Search the Site

Notes on Web 3.0 (Part Three)


Editor's Note. In press coverage of the Snowden affair, there often seems to be little sense of what is really at stake. We asked Adam Sitze, from Amherst College's Department of Law, Jurisprudence, and Social Thought, to shine a bit more light on the subject. What follows here is the third of a five-part series in which Sitze outlines a totalitarian dream, now become our common reality.

Snowden: The Terminal Crisis of Web 2.0

(Link to Part One)
(Link to Part Two)

Understood on these terms, Snowden's revelations have a very simple and clear meaning. The fact that military intelligence “collects it all”—aiming at the integrated storage of the totality of Internet communications and activities—marks the terminal crisis of Web 2.0. Understanding "Web 2.0" not from within the horizon of its own self-understanding, but instead as a disjunctive synthesis between civilianized military technology and commercialized 1960s counterculture, the significance of comprehensive N.S.A. spying is that it destabilizes the unstable equilibrium that allowed for the emergence of Web 2.0 as such.

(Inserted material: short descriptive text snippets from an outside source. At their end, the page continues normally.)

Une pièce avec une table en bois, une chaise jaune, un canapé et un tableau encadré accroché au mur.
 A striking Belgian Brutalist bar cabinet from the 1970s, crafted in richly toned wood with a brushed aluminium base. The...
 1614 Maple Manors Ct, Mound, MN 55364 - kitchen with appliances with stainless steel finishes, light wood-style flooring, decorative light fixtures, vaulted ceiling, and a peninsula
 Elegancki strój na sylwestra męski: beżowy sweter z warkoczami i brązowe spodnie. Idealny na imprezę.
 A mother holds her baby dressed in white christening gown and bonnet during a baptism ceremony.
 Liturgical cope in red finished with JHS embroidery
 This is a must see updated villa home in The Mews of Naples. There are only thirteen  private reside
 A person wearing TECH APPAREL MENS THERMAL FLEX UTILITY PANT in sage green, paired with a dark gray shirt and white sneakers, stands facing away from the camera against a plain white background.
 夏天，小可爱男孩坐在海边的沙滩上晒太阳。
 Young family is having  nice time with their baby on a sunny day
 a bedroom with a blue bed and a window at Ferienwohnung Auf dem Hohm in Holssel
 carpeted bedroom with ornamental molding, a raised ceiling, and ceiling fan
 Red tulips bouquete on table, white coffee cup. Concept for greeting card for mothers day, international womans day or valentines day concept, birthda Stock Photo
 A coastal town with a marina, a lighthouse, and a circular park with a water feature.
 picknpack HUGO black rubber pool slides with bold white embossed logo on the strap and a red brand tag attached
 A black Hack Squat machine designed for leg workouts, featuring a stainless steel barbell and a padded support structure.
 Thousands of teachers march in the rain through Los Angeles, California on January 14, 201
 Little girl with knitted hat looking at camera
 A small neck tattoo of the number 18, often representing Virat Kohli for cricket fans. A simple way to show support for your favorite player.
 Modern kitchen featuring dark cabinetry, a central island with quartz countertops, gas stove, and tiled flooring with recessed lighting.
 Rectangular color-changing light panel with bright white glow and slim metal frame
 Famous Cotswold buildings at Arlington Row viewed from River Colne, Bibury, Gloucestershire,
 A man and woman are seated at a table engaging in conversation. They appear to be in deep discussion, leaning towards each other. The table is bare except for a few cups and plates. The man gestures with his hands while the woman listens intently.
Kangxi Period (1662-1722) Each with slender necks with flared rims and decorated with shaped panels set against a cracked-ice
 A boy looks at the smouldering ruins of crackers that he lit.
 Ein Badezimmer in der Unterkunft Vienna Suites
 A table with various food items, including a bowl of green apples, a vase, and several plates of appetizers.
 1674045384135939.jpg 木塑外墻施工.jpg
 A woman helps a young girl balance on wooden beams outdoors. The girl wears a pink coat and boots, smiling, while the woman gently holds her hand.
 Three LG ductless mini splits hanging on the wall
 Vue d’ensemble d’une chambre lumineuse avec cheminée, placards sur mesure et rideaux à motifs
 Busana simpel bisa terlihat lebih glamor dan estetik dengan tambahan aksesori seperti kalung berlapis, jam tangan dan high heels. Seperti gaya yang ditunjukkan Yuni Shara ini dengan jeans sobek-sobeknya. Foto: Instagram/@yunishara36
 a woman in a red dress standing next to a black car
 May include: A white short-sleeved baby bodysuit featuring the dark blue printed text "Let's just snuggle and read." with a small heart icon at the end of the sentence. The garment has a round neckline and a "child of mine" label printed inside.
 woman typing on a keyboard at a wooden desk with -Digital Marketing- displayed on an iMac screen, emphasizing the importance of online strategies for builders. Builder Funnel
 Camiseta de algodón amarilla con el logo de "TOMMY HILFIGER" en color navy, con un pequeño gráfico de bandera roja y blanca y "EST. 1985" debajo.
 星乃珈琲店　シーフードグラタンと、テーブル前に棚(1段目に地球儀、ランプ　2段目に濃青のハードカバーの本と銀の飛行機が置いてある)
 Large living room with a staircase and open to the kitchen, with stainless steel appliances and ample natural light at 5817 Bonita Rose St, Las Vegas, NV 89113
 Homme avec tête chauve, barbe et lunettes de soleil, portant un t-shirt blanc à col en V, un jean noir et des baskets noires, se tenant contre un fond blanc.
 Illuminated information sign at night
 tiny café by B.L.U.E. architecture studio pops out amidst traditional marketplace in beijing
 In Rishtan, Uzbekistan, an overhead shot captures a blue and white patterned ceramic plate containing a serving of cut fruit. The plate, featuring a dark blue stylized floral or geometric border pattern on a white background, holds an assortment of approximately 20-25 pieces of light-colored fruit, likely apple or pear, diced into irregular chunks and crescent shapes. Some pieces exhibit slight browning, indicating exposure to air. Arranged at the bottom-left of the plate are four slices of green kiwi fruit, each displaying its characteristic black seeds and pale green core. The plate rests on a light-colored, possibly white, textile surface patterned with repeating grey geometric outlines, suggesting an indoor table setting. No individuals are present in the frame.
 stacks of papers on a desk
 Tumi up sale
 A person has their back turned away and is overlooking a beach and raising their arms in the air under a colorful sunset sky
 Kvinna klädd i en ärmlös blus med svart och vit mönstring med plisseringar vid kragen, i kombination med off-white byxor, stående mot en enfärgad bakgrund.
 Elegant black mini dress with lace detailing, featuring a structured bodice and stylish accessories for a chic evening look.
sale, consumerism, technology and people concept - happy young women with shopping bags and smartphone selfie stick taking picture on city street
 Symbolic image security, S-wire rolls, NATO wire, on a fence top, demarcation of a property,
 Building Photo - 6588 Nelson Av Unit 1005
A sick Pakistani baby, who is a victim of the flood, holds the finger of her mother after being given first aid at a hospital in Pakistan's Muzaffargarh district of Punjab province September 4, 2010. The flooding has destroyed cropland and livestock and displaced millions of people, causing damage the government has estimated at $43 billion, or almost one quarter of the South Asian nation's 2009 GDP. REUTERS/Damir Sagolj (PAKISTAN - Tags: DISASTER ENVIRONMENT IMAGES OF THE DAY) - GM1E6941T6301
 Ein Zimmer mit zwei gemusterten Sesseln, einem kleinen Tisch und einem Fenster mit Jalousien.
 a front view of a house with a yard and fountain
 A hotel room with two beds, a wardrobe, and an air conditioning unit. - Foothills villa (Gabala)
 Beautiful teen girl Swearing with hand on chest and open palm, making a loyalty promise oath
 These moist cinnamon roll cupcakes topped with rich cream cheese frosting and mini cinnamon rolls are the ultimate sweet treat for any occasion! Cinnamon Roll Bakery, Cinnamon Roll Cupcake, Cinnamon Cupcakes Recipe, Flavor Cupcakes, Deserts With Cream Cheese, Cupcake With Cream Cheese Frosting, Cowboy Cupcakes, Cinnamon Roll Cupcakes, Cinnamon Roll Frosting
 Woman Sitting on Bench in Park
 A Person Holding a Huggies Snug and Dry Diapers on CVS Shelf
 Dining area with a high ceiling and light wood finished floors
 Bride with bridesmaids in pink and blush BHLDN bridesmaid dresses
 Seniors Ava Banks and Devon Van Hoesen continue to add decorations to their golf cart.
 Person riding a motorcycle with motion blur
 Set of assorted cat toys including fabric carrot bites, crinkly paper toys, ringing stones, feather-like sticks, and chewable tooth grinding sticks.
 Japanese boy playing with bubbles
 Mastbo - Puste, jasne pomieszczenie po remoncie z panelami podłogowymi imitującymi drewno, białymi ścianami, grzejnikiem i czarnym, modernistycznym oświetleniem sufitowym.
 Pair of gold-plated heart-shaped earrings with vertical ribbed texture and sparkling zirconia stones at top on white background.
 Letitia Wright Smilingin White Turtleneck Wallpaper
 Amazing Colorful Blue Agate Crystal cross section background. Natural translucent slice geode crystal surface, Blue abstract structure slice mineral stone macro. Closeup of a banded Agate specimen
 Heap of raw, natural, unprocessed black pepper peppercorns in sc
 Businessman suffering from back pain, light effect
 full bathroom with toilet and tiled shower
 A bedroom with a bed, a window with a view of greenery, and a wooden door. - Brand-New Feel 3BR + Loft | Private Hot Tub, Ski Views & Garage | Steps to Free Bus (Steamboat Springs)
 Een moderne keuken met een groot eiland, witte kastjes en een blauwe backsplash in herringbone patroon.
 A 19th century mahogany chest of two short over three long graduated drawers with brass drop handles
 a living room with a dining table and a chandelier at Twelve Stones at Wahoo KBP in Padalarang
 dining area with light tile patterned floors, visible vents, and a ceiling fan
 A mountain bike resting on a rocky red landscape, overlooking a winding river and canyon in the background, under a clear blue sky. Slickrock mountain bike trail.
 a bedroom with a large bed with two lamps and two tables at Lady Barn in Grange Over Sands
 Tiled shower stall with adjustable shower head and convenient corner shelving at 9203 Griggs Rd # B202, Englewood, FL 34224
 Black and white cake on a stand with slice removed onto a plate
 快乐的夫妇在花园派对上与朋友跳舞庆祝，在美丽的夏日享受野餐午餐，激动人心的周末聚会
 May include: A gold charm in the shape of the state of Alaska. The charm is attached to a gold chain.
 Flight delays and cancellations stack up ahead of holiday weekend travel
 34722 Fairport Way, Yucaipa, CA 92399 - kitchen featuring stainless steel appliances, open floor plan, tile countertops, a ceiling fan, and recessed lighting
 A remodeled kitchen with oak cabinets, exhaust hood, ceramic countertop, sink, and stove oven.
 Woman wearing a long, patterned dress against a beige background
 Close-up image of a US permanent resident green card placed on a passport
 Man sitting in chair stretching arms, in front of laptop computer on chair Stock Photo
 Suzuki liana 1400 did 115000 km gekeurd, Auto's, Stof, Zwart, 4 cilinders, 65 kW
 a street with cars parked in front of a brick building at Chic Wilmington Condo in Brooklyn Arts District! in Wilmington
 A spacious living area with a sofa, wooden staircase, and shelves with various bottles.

This is so not, of course, because Snowden’s revelations provide a surprise in any absolute sense. The scope of N.S.A. spying had been generally known since at least 2008, and it shouldn’t be news to anyone who shops on Amazon.com that the Internet allows for extremely sophisticated techniques of spying on consumers. Nor should it be news that the Internet is an acid that dissolves much of what hitherto has been called “privacy.” Years before Snowden’s disclosures, the corporate masters of Web 2.0 already had decided that anonymity was passé.

No, what Snowden changed wasn't our absolute knowledge, but something different: the character of public opinion regarding the place and function of the Internet in everyday life. After Snowden’s disclosures, it's no longer credible to use the lexicon of Web 2.0 without now adding a decisive footnote to each piece of its jargon: as permanently archived, tracked, and interpreted by military intelligence. This footnote, however, is more than just one among many additions to Web 2.0; PRISM isn't just another focus-grouped, start-up nonsense word aspiring to become the next new hit crossover verb. It’s an addition to Web 2.0 that throws into question Web 2.0’s most fundamental premises and most cherished self-understandings. With perfect dialectical irony, the public fact of N.S.A. spying reveals a new and fatal dimension to each of the keywords of Web 2.0—a dimension that extends each keyword past its breaking point, systematically pushing the terminology of Web 2.0 beyond a critical threshold where it can no longer avoid collapsing into self-negation and incoherence. Like a cut flower wilting in the vase it continues to ornament, the utopian discourse of Web 2.0 is now effectively dead in the water, even if its definitive obsolescence will not be complete for some time to come.

Take, for example, what Snowden's revelations teach us about the ostensibly "decentralized" form of Web 2.0. Far from dispersing power and authority, the Web as surveilled by the NSA is arguably the most centralized secret police apparatus in the entire history of secret police apparatuses.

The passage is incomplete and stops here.